> _Prompt_:
Nothing but the lines from the start of the data through the line with "Flat Bill Six-Panel Trucker Cap Thumbnail" should appear in the answer, each retyped exactly, and pictures should not.

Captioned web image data
--- START ---

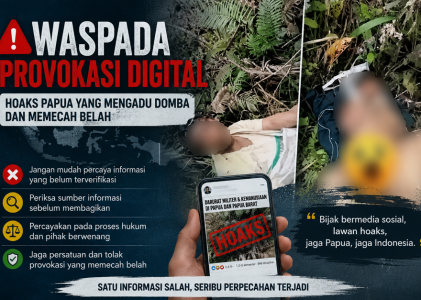 Waspada Provokasi Digital: Hoaks Papua yang Mengadu Domba dan Memecah Belah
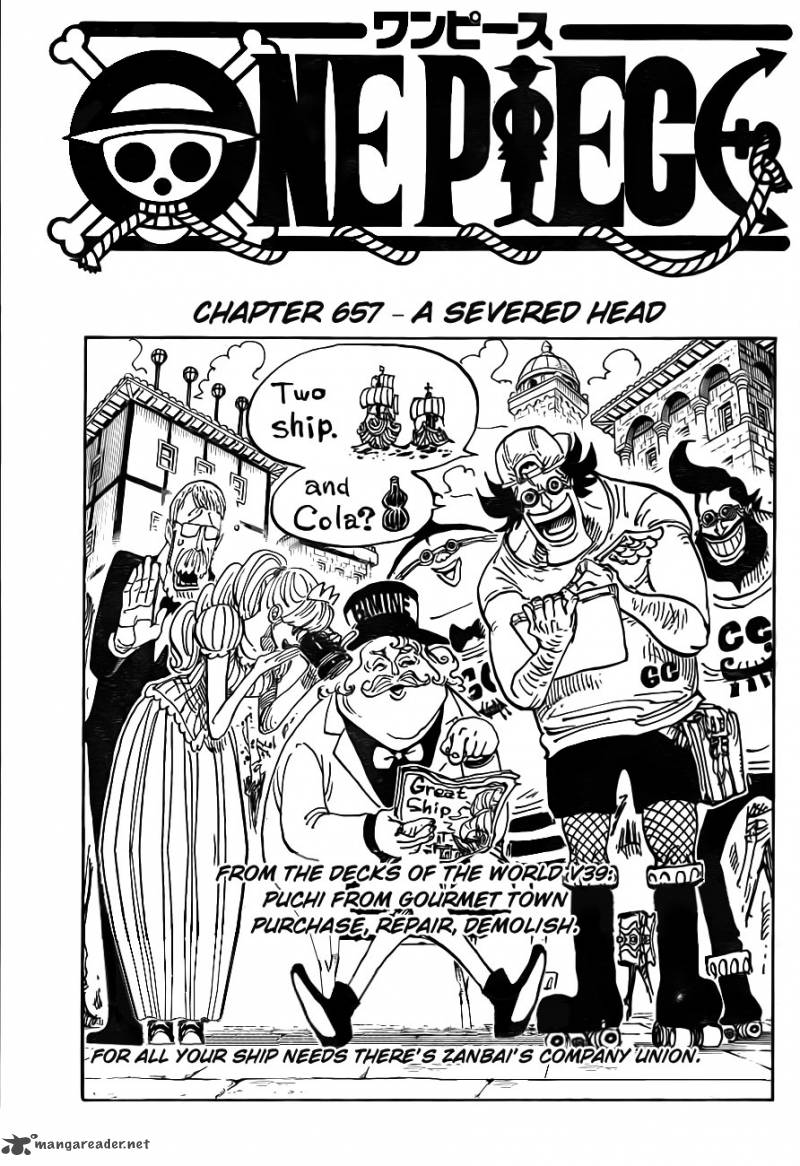 One Piece Chapter 657 — page 1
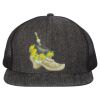 Flat Bill Six-Panel Trucker Cap Thumbnail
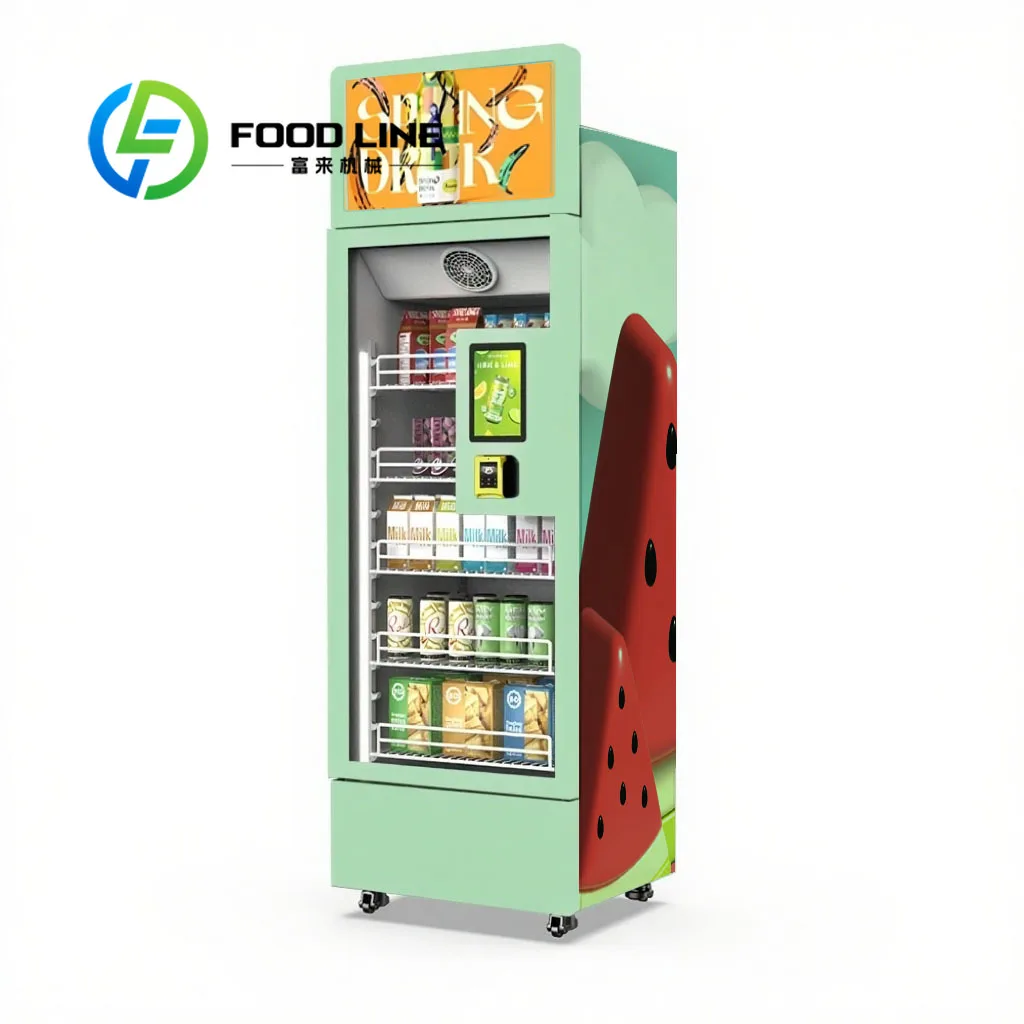 

Новый стиль AI визуальный холодильник торговый автомат для сада новый стиль AI интеллектуальный торговый автомат для закусок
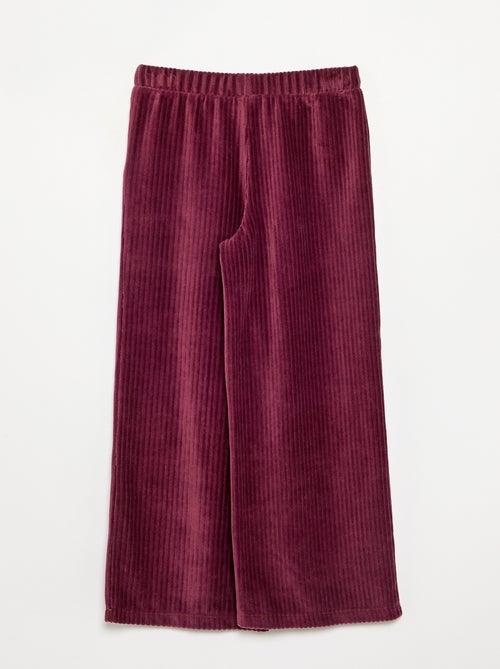 Pantalón ancho de pana - Kiabi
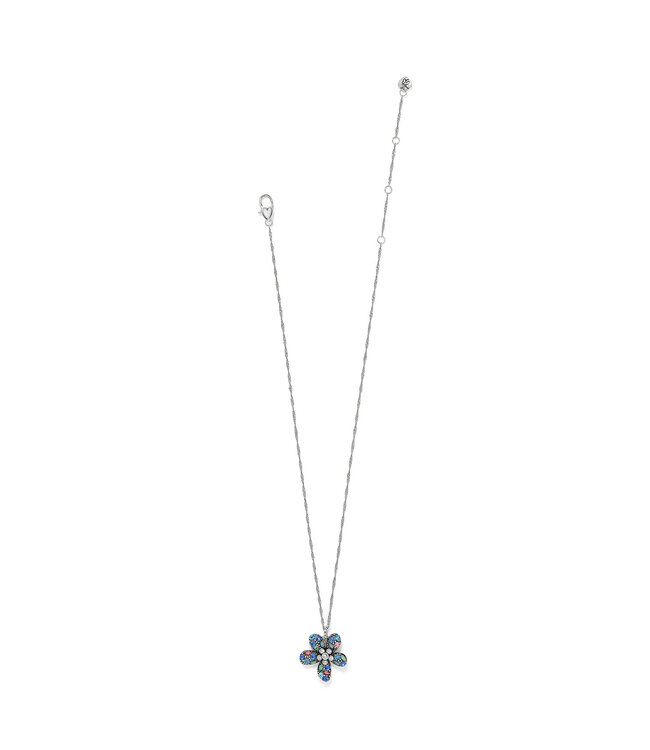 BRIGHTON Trust Your Journey Blues Flower Necklace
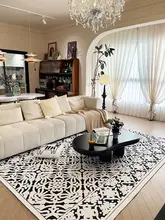 フランス風 ヴィンテージデザインラグ【リビングルーム・高級感・マルチ用途】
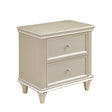 Celandine Silver Nightstand by Homelegance at Eve Furniture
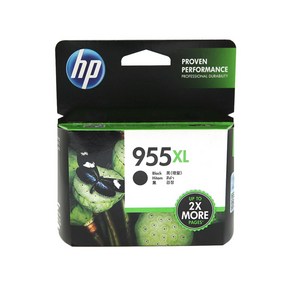 HP NO.955XL 정품잉크 L0S72AA, 검정, 1개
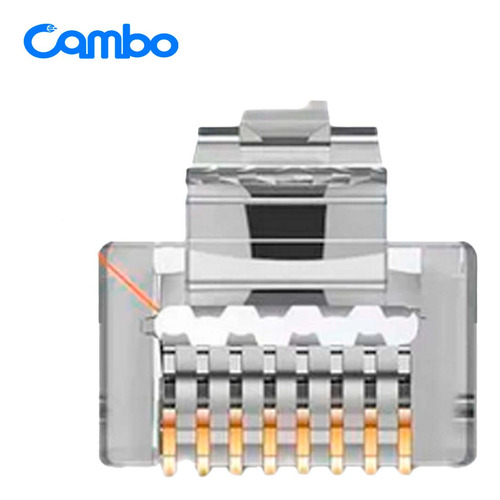 Conectores De Paso Cambo Ez Rj-45 Plug Cat6 Blindados 100u.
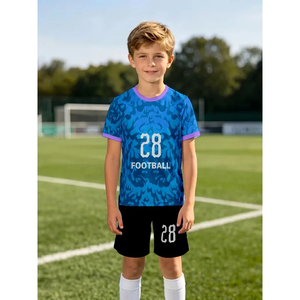 Tenue de sport pour enfants, vêtements respirants à séchage rapide, collection de vêtements de performance pour enfants, vêtements de sport haut de gamme, fabrication en usine - Product Image 4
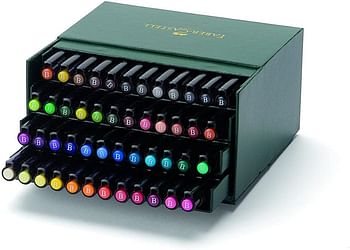 Faber Castell 167148 Pitt Artist Color Pen Brush Set, Assorted Colors, Pack Of 48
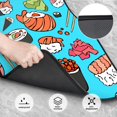 thumbnail image 3 of LAKIMCT Japan Sushi Pattern Car Mats, Neoprene Front Rear Floor Mats for Cars, Waterproof Anti-Slip Car Floor Mats Full Set, Universal(4 Pcs), 3 of 6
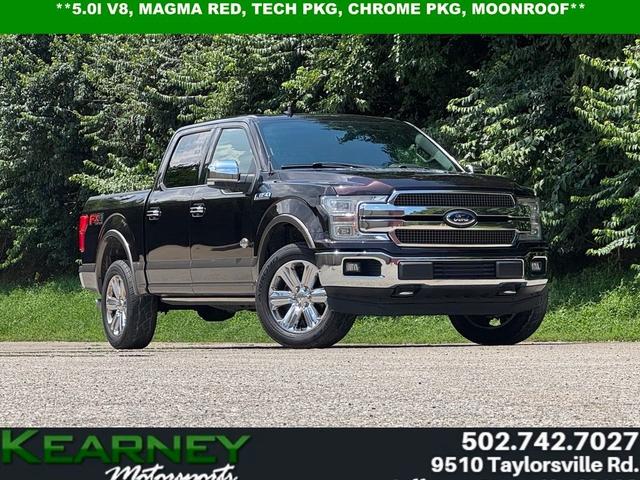 Black 2018 Ford F-150 Pickup Truck Four-Wheel Drive Automatic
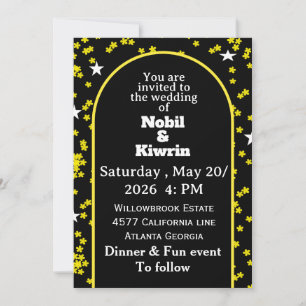 Customizable Wedding Invitation Elegant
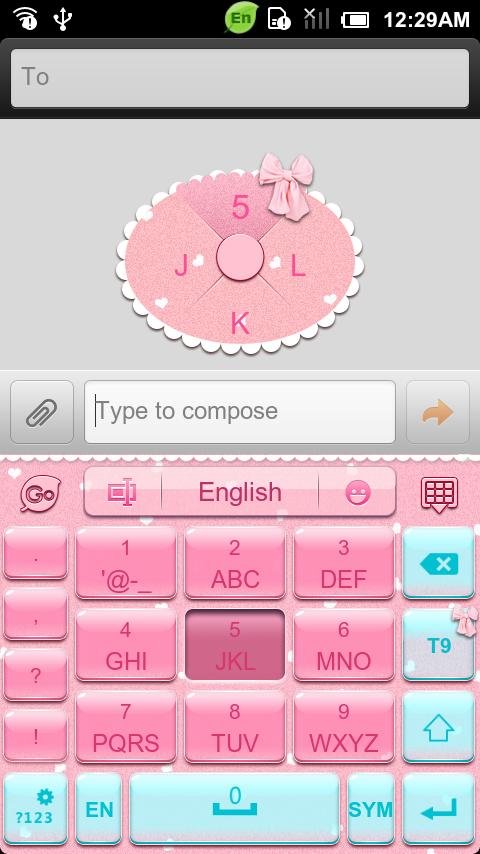 Pink Memories Keyboard Theme截图4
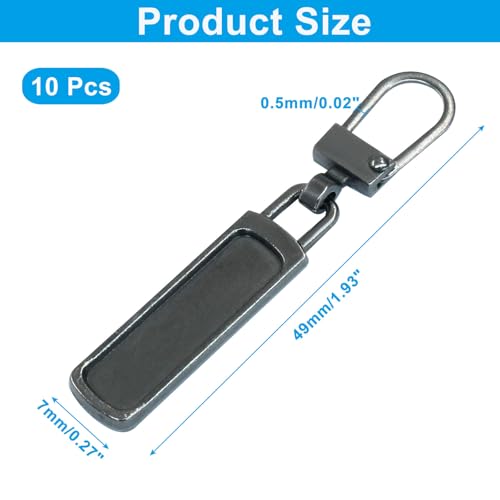 PHITUODA Bronze Luggage Zipper Pull Replacement, 10 PCS | Detachable Metal, Zipper Pull Tab Repair Kit, For Clothing Jacket Coat Jeans, For Luggage Suitcase Purse Handbag - style: Bronze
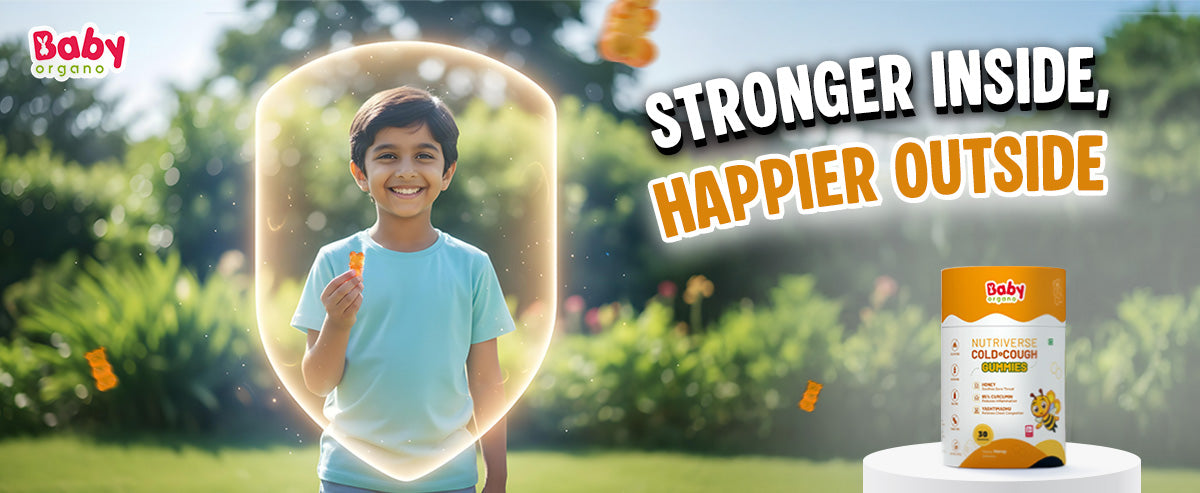 Ayurvedic Cold & Cough Gummies for Kids Immunity Support – Mulethi, Turmeric, Honey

--- END ---

> _Output of the task_:
 Waspada Provokasi Digital: Hoaks Papua yang Mengadu Domba dan Memecah Belah
 One Piece Chapter 657 — page 1
 Flat Bill Six-Panel Trucker Cap Thumbnail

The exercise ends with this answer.